BINTUNI, SUARAPAPUA.com— Pemerintah daerah Merauke dan Negera Indonesia diminta untuk segera menghentikan aktivitas Proyek Strategi Nasional (PSN) Swasembada Gula dan Bio Etanol serta program cetak sawah yang dinilai merampas hak hidup masyarakat adat dan menghilangkan hak adat atas hak ulayat marga Moiwend, Gebze, dan Kwipalo di Merauke, Papua Selatan.
PSN perkebunan tebu, industri gula, Bioetanol dan program cetak sawah yang akan merampas jutaan haktar tanah milik marga Moiwend, Gebze, dan Kwipalo di Kabupaten Merauke, Papua Selatan.

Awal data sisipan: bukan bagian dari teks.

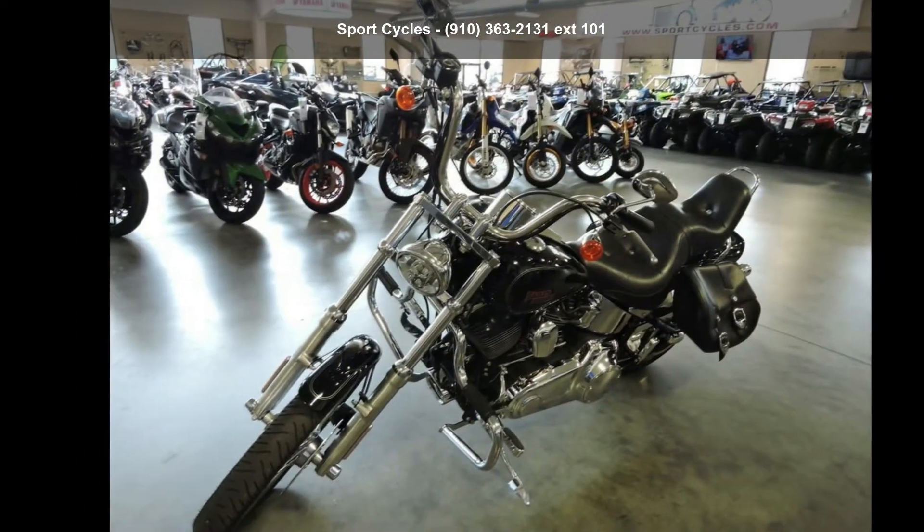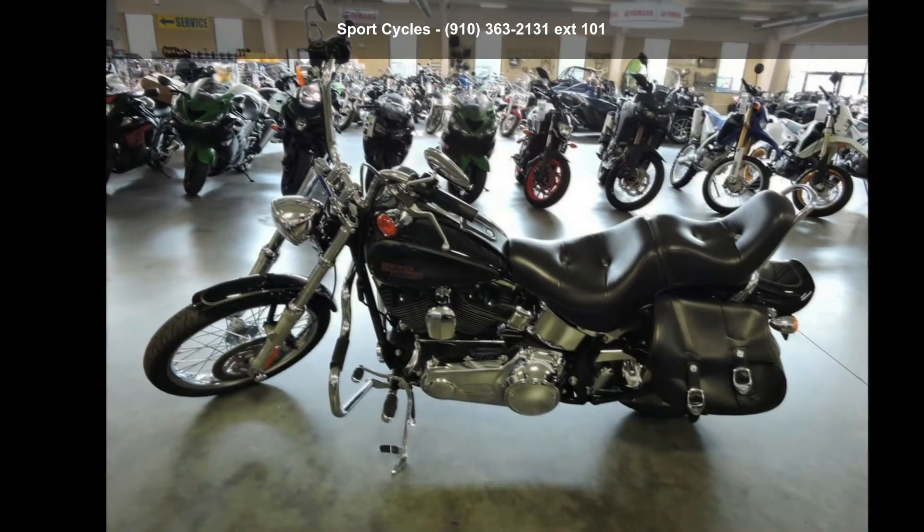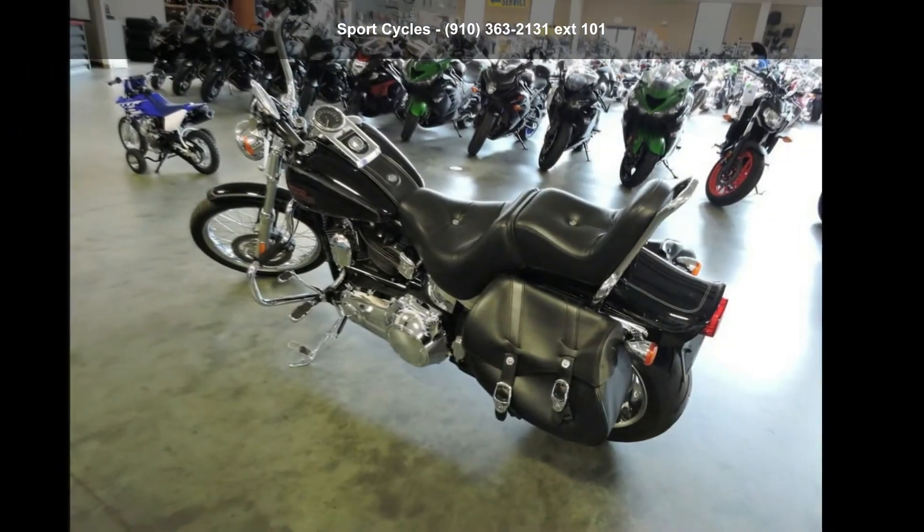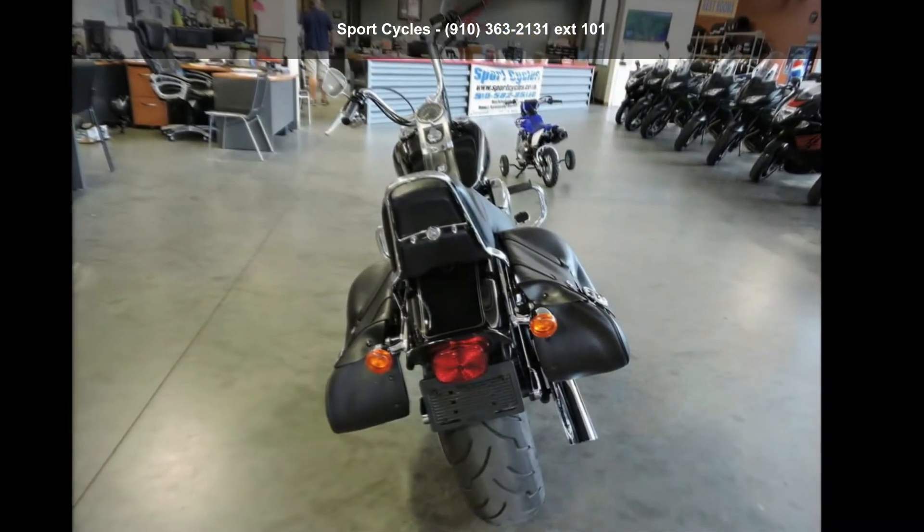Low mileage is an important factor in your purchase, and this one delivers a low odometer reading. A test ride is waiting for you. Call now to schedule an appointment to our dealership.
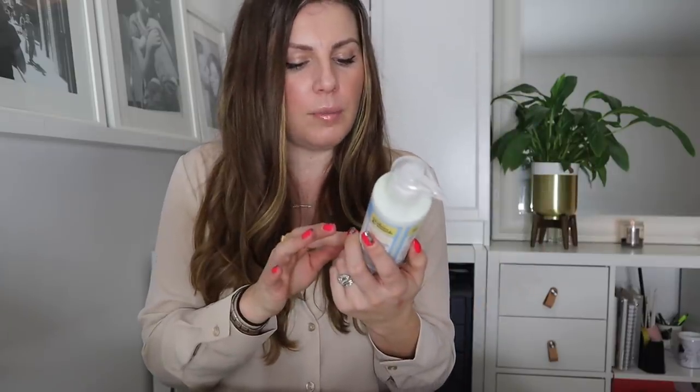I also got the Child's Farm Moisturiser for Ella because she wanted a new body lotion. Emma from the It's M channel said it's amazing, so we'll see. She got the grapefruit and tea tree one — the other option was unscented and we decided it probably smelled like baby cream, which she didn't want.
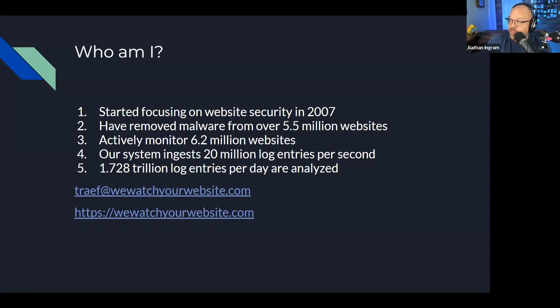iThemes Security also does great user security, including integrating passkeys. There's an upcoming webinar with Timothy Jacobs, the lead developer for SolidWP, talking about the passkey implementation with Solid Security — iThemes Security was the first WordPress plugin to integrate that. Next question from Milan: 'The saying goes that security should be at the server level, not inside WordPress — what do you think?' I believe in defense in depth, which means you need to approach it from every level.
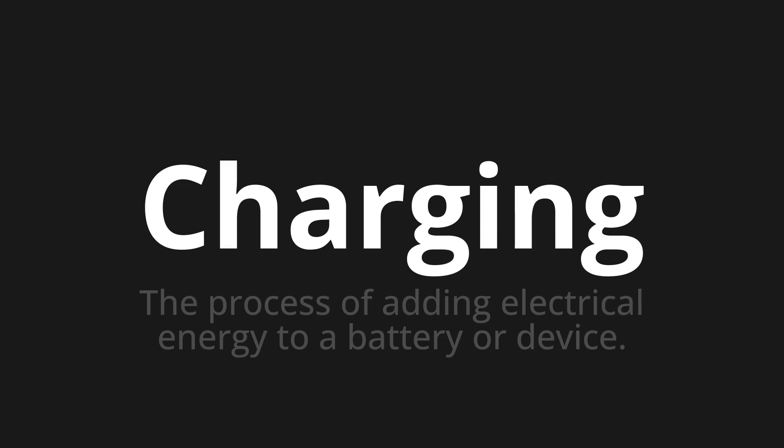Let's say it all together. Charging. One more time. Charging.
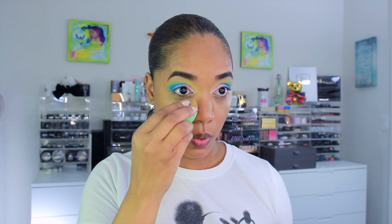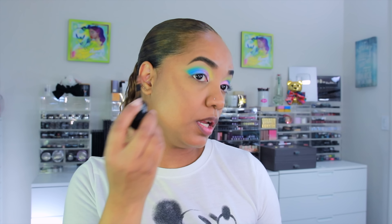Let me set my under eyes because every concealer creases on me — no question about it. I'm using the Patrick Ta powder, the translucent shade. I personally like it. Now going in with face makeup — a little bit of contour — using the KVD Beauty gel contour in medium cool 60. I recently picked up this cool-tone shade because with this foundation being as cool-toned as it is, a cool-tone bronzer makes sense.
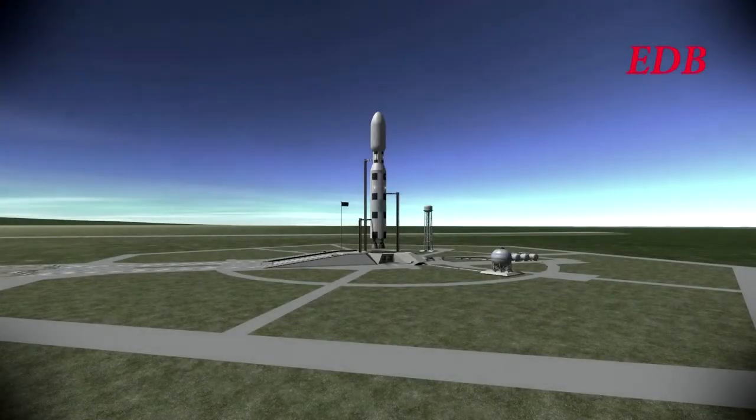T-minus 2 minutes till the launch of the Hyperion Shuttle aboard the Saturn C-3X rocket. This is the second launch of the Hyperion Shuttle aboard this rocket. The first launch was plagued by difficulties — it was the first launch of the Saturn C-3X.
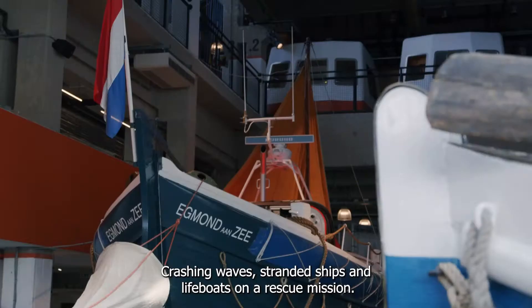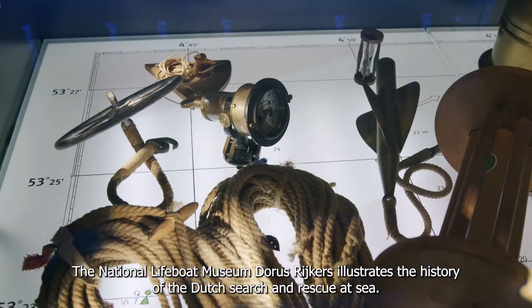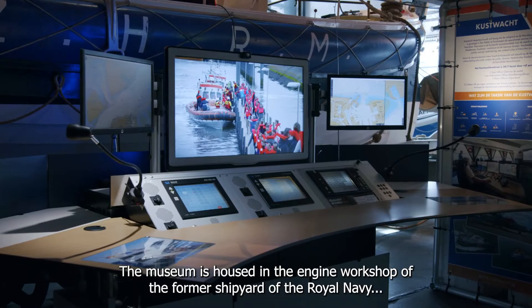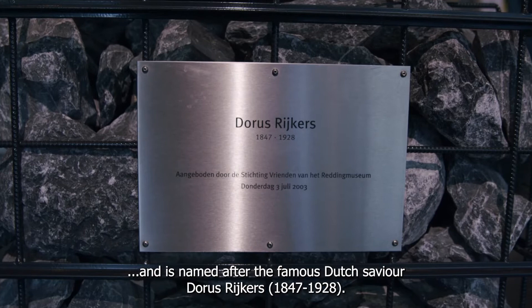Crashing waves, stranded ships, and lifeboats on a rescue mission. The National Lifeboat Museum Doris Rijkers illustrates the history of the Dutch search and rescue at sea. The museum is housed in the engine workshop of the former shipyard of the Royal Navy, and is named after the famous Dutch saviour Doris Rijkers, who lived from 1847 till 1928.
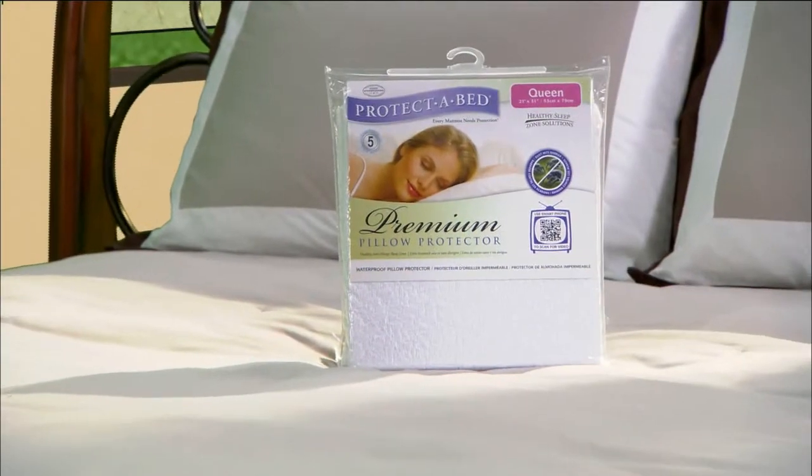When paired with Protect-A-Bed Premium Pillow Protectors, the healthy sleep zone we all deserve is at our fingertips.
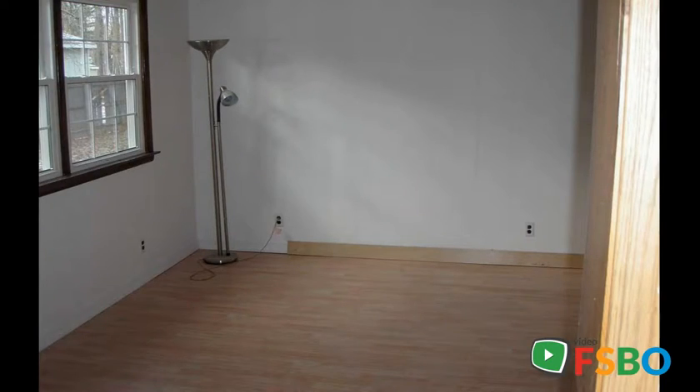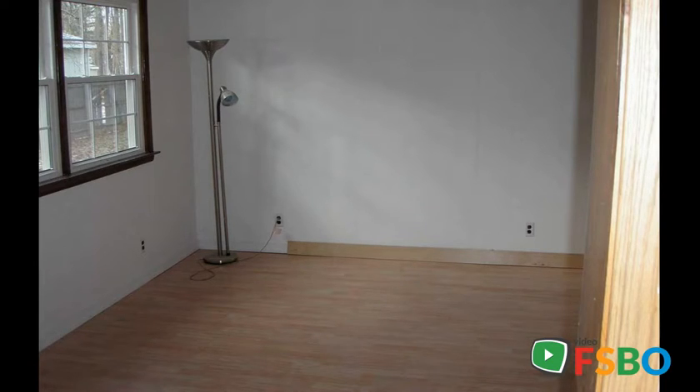This home is two beds, one bath, approximately 1,104 square feet, and was built in 1957.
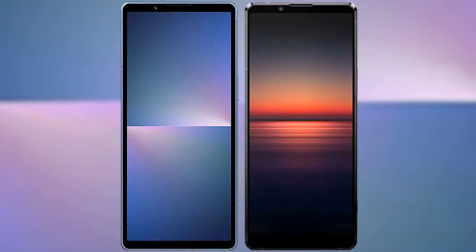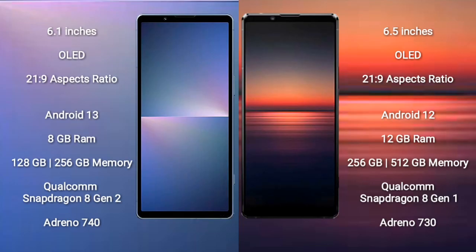I will compare the new Sony Xperia 5 Mark 5 with Sony Xperia 1 Mark 4. Sony Xperia 5 Mark 5 comes with a 6.1-inch OLED display with an aspect ratio of 21:9. Sony Xperia 1 Mark 4 comes with a 6.5-inch OLED display and an aspect ratio of 21:9.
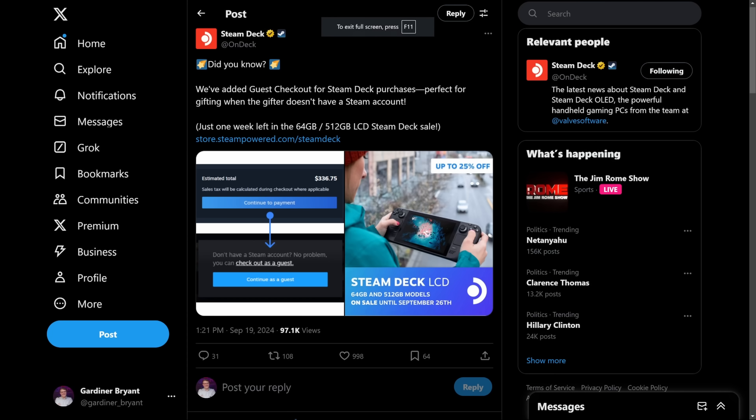Valve recently added an interesting feature to Steam: the ability to check out as a guest when purchasing the Steam Deck. This is a very neat feature and a smart move on Valve's part, especially if a parent or a relative wants to buy a Steam Deck for a kid and they don't have a Steam account. So if you've been wanting a Steam Deck and nobody you know has a Steam account, now's your chance.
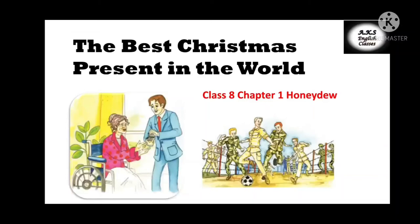Hello everyone and a very warm welcome to my channel. We will start our session of class 8 with chapter 1, 'The Best Christmas Present in the World'. We all love to receive presents, but does the present have to be in materialistic form always? Let us see in this chapter what is the best Christmas present in the world.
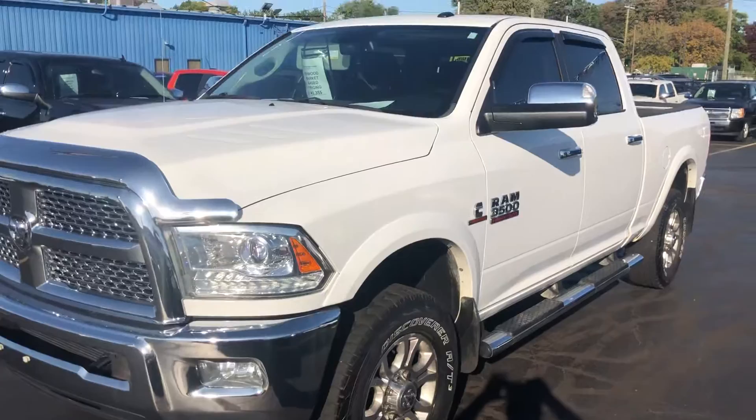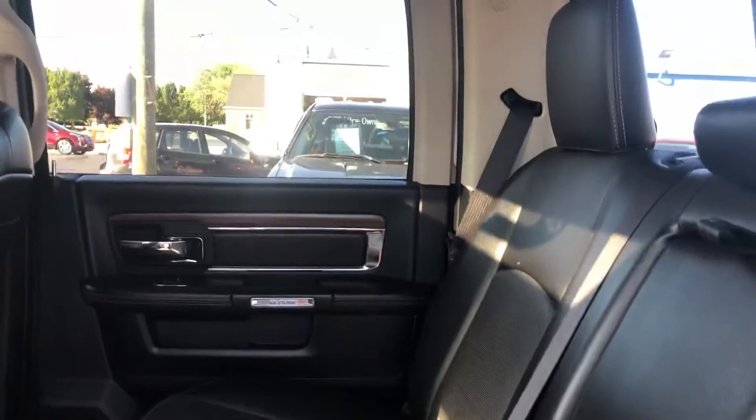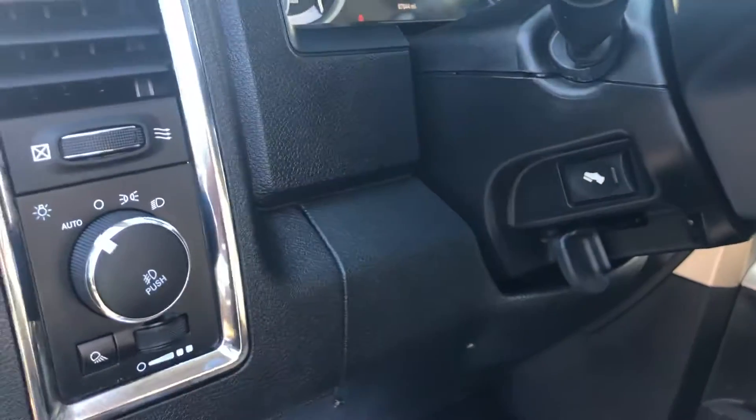Let's take a look inside. Leather, and this one does have the sunroof. The remote starter of course. Power everything — power seats, memory seats. Adjustable brake pedal.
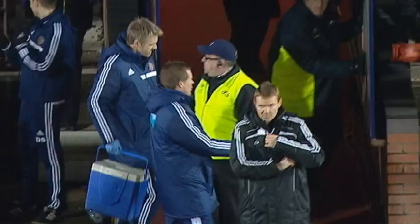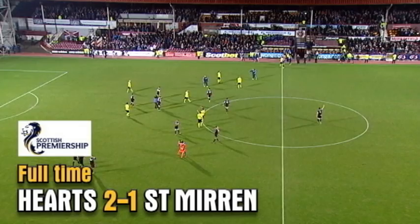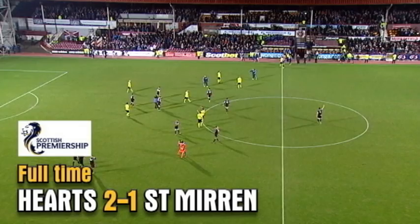And that's full time. Hearts have won at Tynecastle for the first time since August. Relief for Gary Locke — it's back-to-back victories for the first time this season. Subscribe now for free and catch all the action on SPFL YouTube.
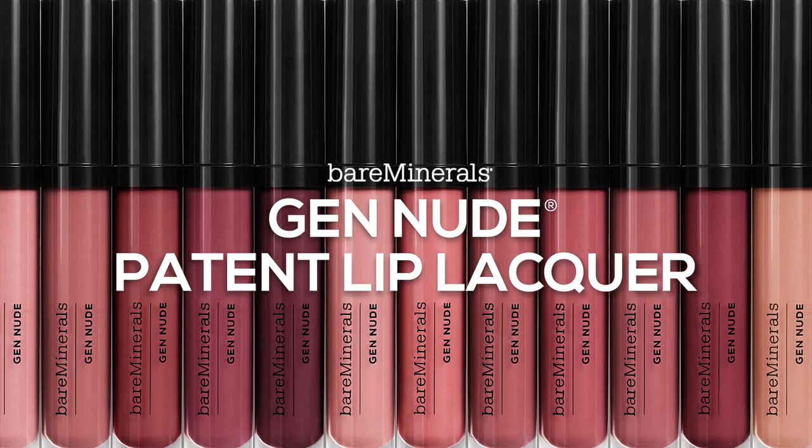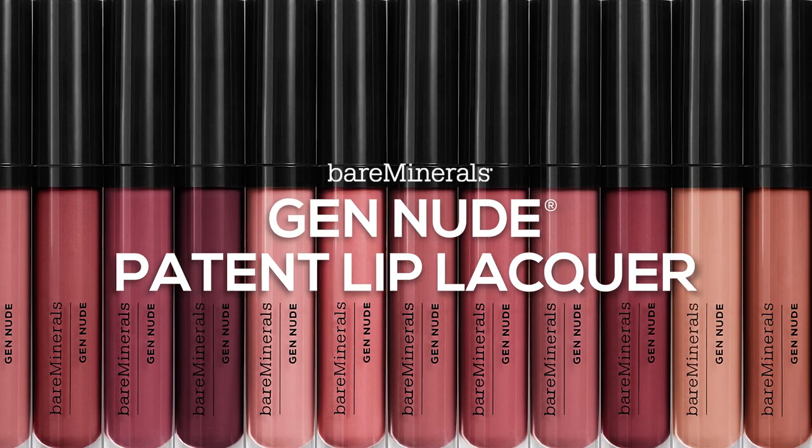Introducing Gen Nude Patent Lip Lacquer. Good for skin nudes, made for every skin tone.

PNS tersebut telah menuai berbagai penolakan dari aktivis hak asasi manusia, aktivis lingkungan dan masyarakat adat suku Maklew di Merauke.
Melihat persoalan perampasan dan pencaplokan terhadap tanah masyarakat adat di Merauke terus masif tanpa melihat dampak lingkungan dan kehidupan sosial masyarakat adat, maka Aliansi Mahasiswa dan Pemuda Rakyat (AMPERA PS) turut bersuara dan menyikapi masalah tersebut.
Ambrosius Nit, Ketua AMPERA PS minta agar Pemerintah Merauke, pemerintah pusat dan PT. Jhonlin Grup menghentikan aktivitas PSN di Merauke.
Menurutnya, aktivitas pembongkaran hutan marga Gebze dan Moiwend melanggar hak-hak masyarakat adat. Selain itu, tidak ada proses persetujuan atas dasar informasi di awal tanpa paksa dengan marga Moiwen dan Gebze sebagai pemilik hak ulayat.
Perusahan tidak berikan ruang untuk dua marga tersebut menentukan pendapatnya tentang terima atau tolak.
“Kami Aliansi Mahasiswa, Pemuda dan Rakyat Papua Selatan mendesak pemerintah agar segera menghentikan pembongkaran hutan adat milik marga Gebze dan Moiwend karena tidak melalui proses PADIATAPA dan jelas-jelas telah melanggar hak-hak masyarakat adat dan ini merupakan penyerobotan dan penggelapan tanah Adat.”
“Sehingga kami mendesak kepada pemerintah agar melindungi dan menghormati hak-hak kesulungan masyarakat adat, khususnya marga Moiwend dan Gebze,” kata Ambrosius.
Ia lalu mengatakan bahwa pihaknya dari AMPERA PS siap kawal perjuangan marga Gebze dan Moiwend bersama LBH Papua, serta para aktivis lingkungan lainya untuk berjuang mempertahankan hak-hak masyarakat Adat.
Ia mengajak masyarakat Papua dan Indonesia untuk mengawal perjuangan masyarakat marga Gebze, Moiwend dan Kwipalo untuk menolak kehadiran perusahan yang masuk dalam PSN yang terbukti melanggar hak-hak masyarakat adat Papua.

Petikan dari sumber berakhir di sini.